Vor dem Hintergrund der dargestellten Rechtslage kommt das Landesverwaltungsgericht Tirol zum selben Ergebnis wie die Abgabenbehörde, dass der Bescheid vom 25.01.2022, der vom zu diesem Zeitpunkt unzuständigen Bürgermeister erlassen wurde, aufzuheben ist. Aufgrund der Aufhebung des angefochtenen Bescheides ist auf das übrige Vorbringen zur Rechnungsadresse des Rechnungsempfängers (wohl gemeint Zahlungsempfängers) nicht weiter einzugehen. Im Übrigen wird festgehalten, dass der Amtsverwalter dem übermittelten Vorlageantrag samt Akt eine ELBA-Auftragsliste angeschlossen hat, anhand der die Auszahlung des in Rede stehenden Betrages von 70,00 Euro an den Beschwerdeführer noch am 01.04.2022 nachvollzogen werden kann.

Es war daher spruchgemäß zu entscheiden, der Beschwerde Folge zu geben und der angefochtene Bescheid vom 25.01.2022 aufzuheben.

VI.Unzulässigkeit der ordentlichen Revision:

Die ordentliche Revision ist unzulässig, da keine Rechtsfrage iSd Art 133 Abs 4 B-VG zu beurteilen war, der grundsätzliche Bedeutung zukommt. Weder weicht die gegenständliche Entscheidung von der bisherigen, zitierten Rechtsprechung des Verwaltungsgerichtshofes ab, noch fehlt es an einer Rechtsprechung des Verwaltungsgerichtshofes. Weiters ist die dazu vorliegende Rechtsprechung des Verwaltungsgerichtshofes auch nicht als uneinheitlich zu beurteilen. Ebenfalls liegen keine sonstigen Hinweise auf eine grundsätzliche Bedeutung der zu lösenden Rechtsfrage vor.

Belehrung und Hinweise

Den Parteien des Beschwerdeverfahrens steht das Recht zu, innerhalb von sechs Wochen ab Zustellung dieser Entscheidung, wenn das Landesverwaltungsgericht Tirol dies in seinem Spruch zugelassen hat, eine ordentliche, ansonsten eine außerordentliche Revision an den Verwaltungsgerichtshof zu erheben. Die Revision ist schriftlich innerhalb von sechs Wochen ab Zustellung der Entscheidung beim Landesverwaltungsgericht Tirol einzubringen. Sie ist - abgesehen von den gesetzlichen Ausnahmen - durch eine bevollmächtigte Rechtsanwältin oder einen bevollmächtigten Rechtsanwalt, von einer Steuerberaterin bzw. einem Steuerberater oder einer Wirtschaftsprüferin bzw. einem Wirtschaftsprüfer abzufassen und einzubringen.
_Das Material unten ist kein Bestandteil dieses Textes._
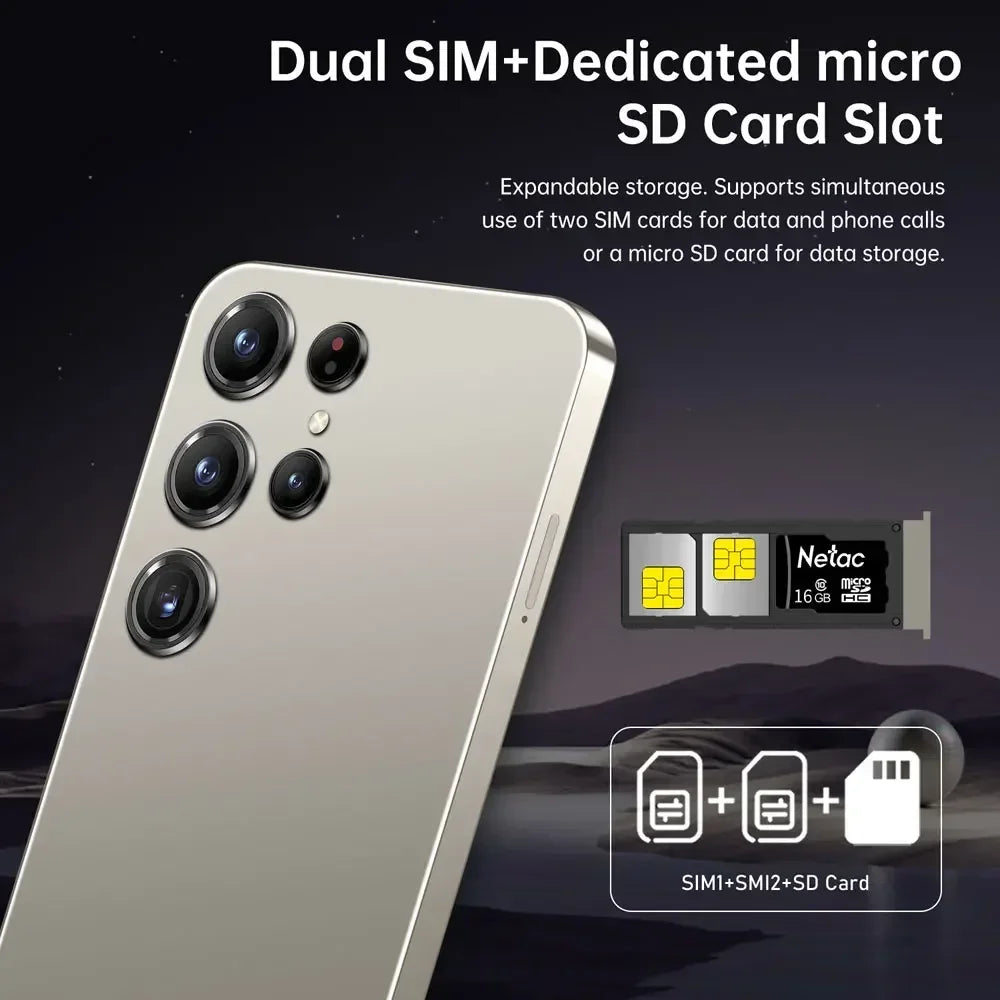 New S24 Ultra Smartphone 5G 7.3 HD Screen 16+1TB Snapdragon 8 gen 3 Dual Sim Cellphones Face ID Cell Phone Mobile Phones Android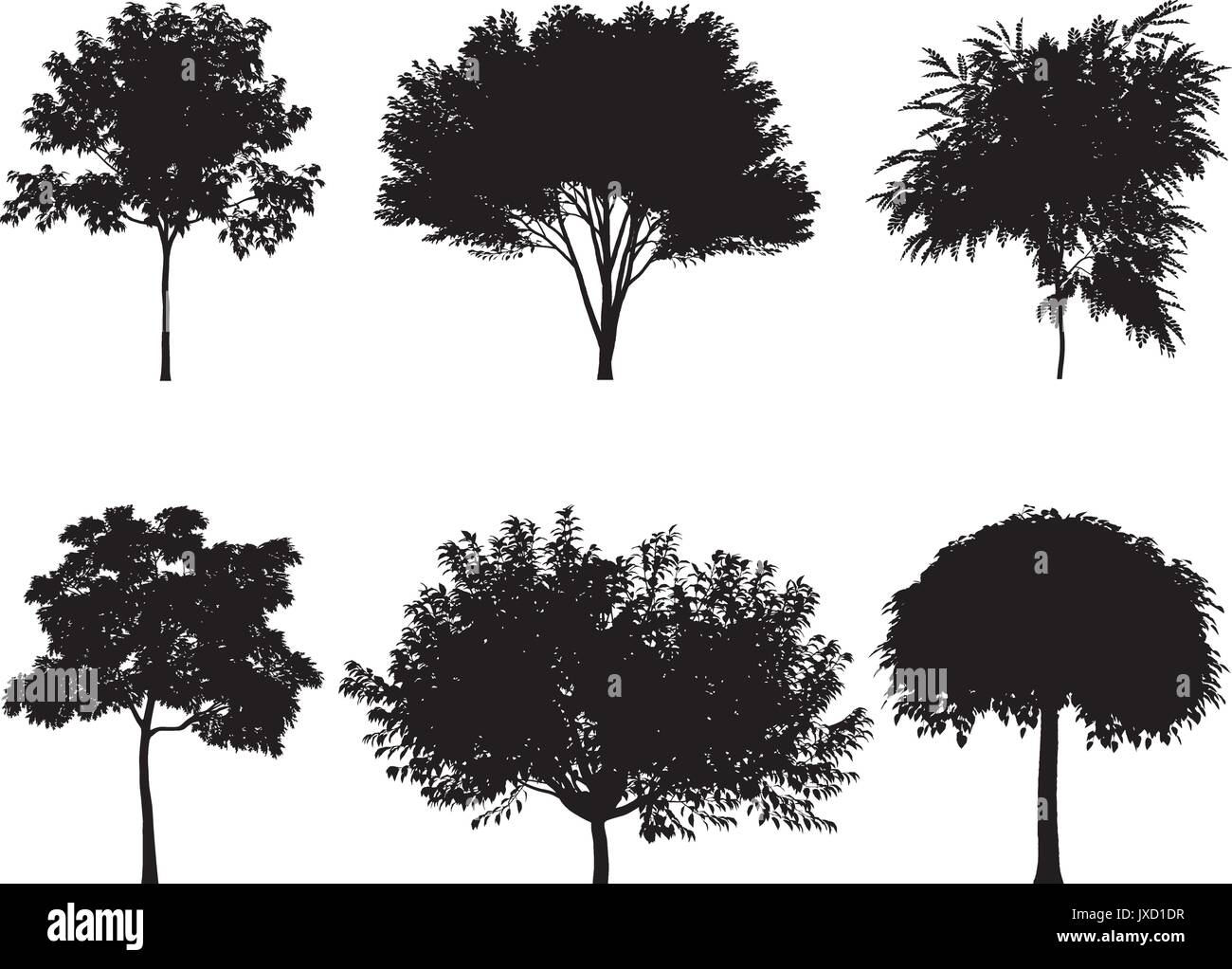 Vektor-Illustration der Baum Silhouetten Stock Vektor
Beschwerdeführenden Parteien und den im Beschwerdeverfahren Beigetretenen steht weiters das Recht zu, innerhalb von sechs Wochen ab Zustellung dieser Entscheidung eine Beschwerde an den Verfassungsgerichtshof zu erheben. Die Beschwerde ist direkt beim Verfassungsgerichtshof einzubringen. Die Beschwerde an den Verfassungsgerichtshof muss - abgesehen von den gesetzlichen Ausnahmen - durch eine bevollmächtigte Rechtsanwältin oder einen bevollmächtigten Rechtsanwalt eingebracht werden.

Die für eine Beschwerde an den Verfassungsgerichtshof oder eine Revision zu entrichtende Eingabegebühr beträgt Euro 240,00.

Es besteht die Möglichkeit, für das Beschwerdeverfahren vor dem Verfassungsgerichtshof und für das Revisionsverfahren vor dem Verwaltungsgerichtshof Verfahrenshilfe zu beantragen. Verfahrenshilfe ist zur Gänze oder zum Teil zu bewilligen, wenn die Partei außerstande ist, die Kosten der Führung des Verfahrens ohne Beeinträchtigung des notwendigen Unterhalts zu bestreiten bzw wenn die zur Führung des Verfahrens erforderlichen Mittel weder von der Partei noch von den an der Führung des Verfahrens wirtschaftlich Beteiligten aufgebracht werden können und die beabsichtigte Rechtsverfolgung oder Rechtsverteidigung nicht als offenbar mutwillig oder aussichtslos erscheint.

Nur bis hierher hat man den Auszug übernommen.